Ele perde. Eu localizo. Ele espalha. Eu recolho. Ele guarda. Eu descarto. Sou sua vice-versa.
Ele é indoor; eu, outdoor. Eu reclamo; ele salva. Eu publico; ele reserva. Ele planta árvore; eu, livro. Tudo é semente.
Ele prefere pão queimadinho. Eu, branquinho. Ele gosta do chuveiro mais frio, no 3, quase 2. Eu no 4, pelando; às vezes, 5. Ele corre a São Silvestre. Eu evoco o São Benedito. Minha música é alta. A dele, branda. Ele gosta do silêncio; eu careço do ruído. Nosso conflito é o decibel.
Eu abasteço a geladeira com água de coco, só para ele. Ele compra Amandita, só para mim. Ele briga porque como o pacote inteiro de suspiro. Eu sempre digo que não fui eu.
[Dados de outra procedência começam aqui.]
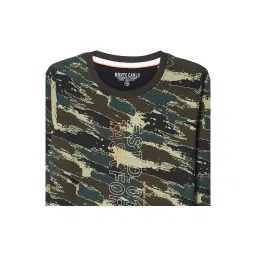 Monte Carlo Kids Green Printed Full Sleeves Sweatshirt image 3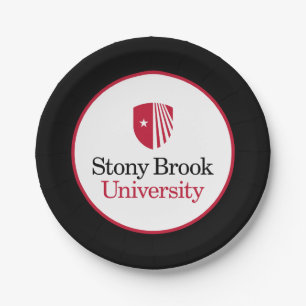 Stony Brook University   Wordmark Paper Plate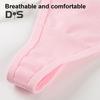 Women Thong Solid Color Slim Fit Mid Waist Cotton Crotch G-string Elastic Briefs Seductive Panties Female Underwear Intimate Clothes for Honeymoons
Ele deixa a TV ligada. Eu tenho preguiça de reciclar. Ele não apaga as luzes. Eu uso papel higiênico demais. Cada um com seu crime ambiental.
Eu reponho o sabonete dele, quando acaba. Ele me traz água no quarto, do jeitinho que gosto: 2/3 gelada e 1/3 natural. Eu coloco seu celular para carregar. Ele faz as contas para mim.
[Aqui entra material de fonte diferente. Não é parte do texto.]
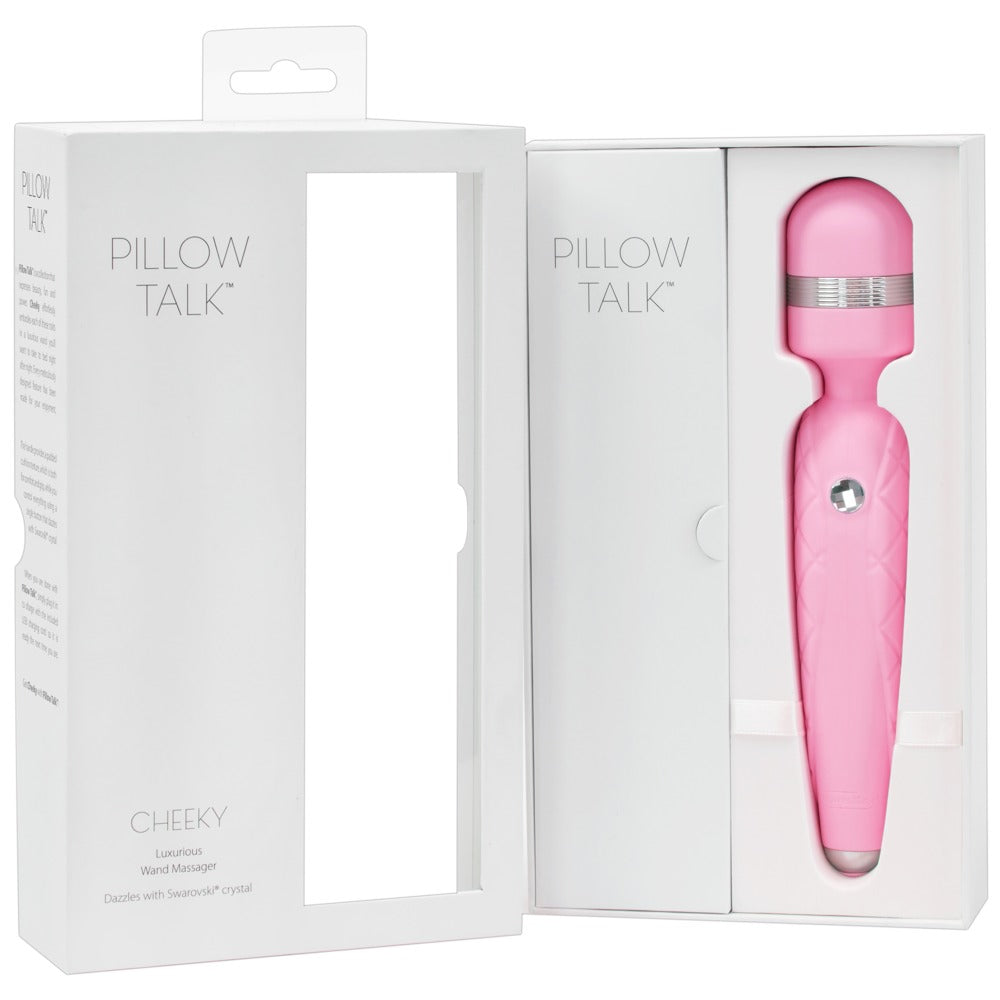 Pillow Talk Cheeky · vibrační masážní hlavice, růžová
Ele pendura a roupa no varal. Vou lá, acertar os pregadores. Ele arruma a mesa para o jantar. Finalizo, colocando o que ele esqueceu. Ele guarda as coisas na geladeira. Surjo em seguida, realocando tudo. Ele lava a louça. Eu passo o rodinho na pia e reorganizo o escorredor. Eu finjo que não fiz nada. Ele finge que não me viu fazer.
Ele lê o que escrevo, bronqueia que não é indoor coisa nenhuma. Eu concordo com ele e me retrato: ele não é indoor coisa nenhuma.
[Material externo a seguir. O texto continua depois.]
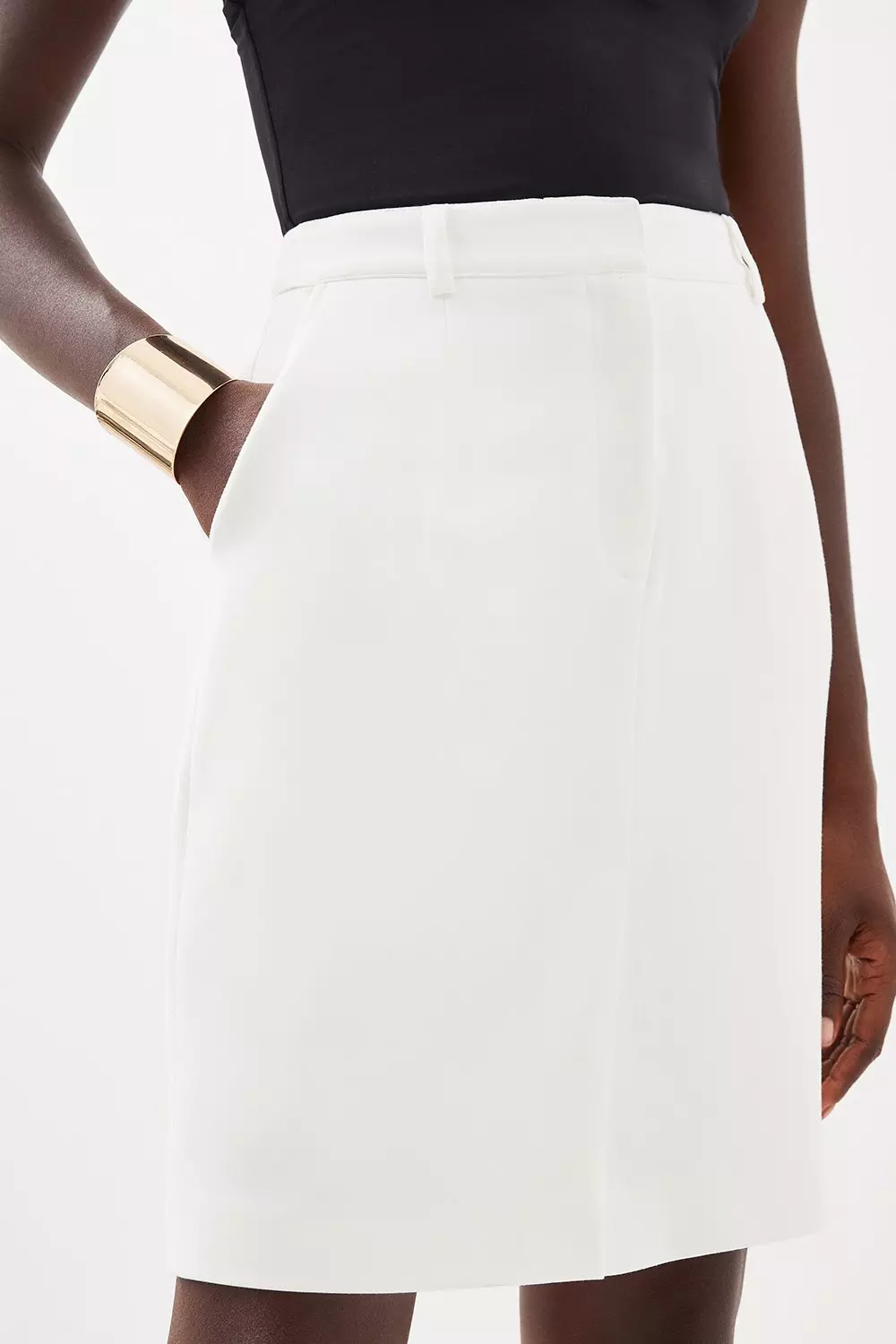 White pencil skirt sale short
Eu emprestei meus sobrinhos para ele. Ele emprestou os dele para mim. Nunca mais devolvemos.
Ele tem três filhos, dois comigo. Eu tenho dois, três com o dele. Dá tudo no mesmo.
A mãe dele colecionava “Mãos de Ouro”. A minha também. As duas, que não se conheceram, estão lá, tricotando pros anjos, cuidando de nós e inventando novos pontos para essa bendita trama de yin e yang.
Casamento é sorte, resiliência e bom humor. Na vida a dois, os opostos não se atraem; eles fazem sinal para o mesmo táxi. E dividem a viagem.
O resto é marmelada afetiva.
…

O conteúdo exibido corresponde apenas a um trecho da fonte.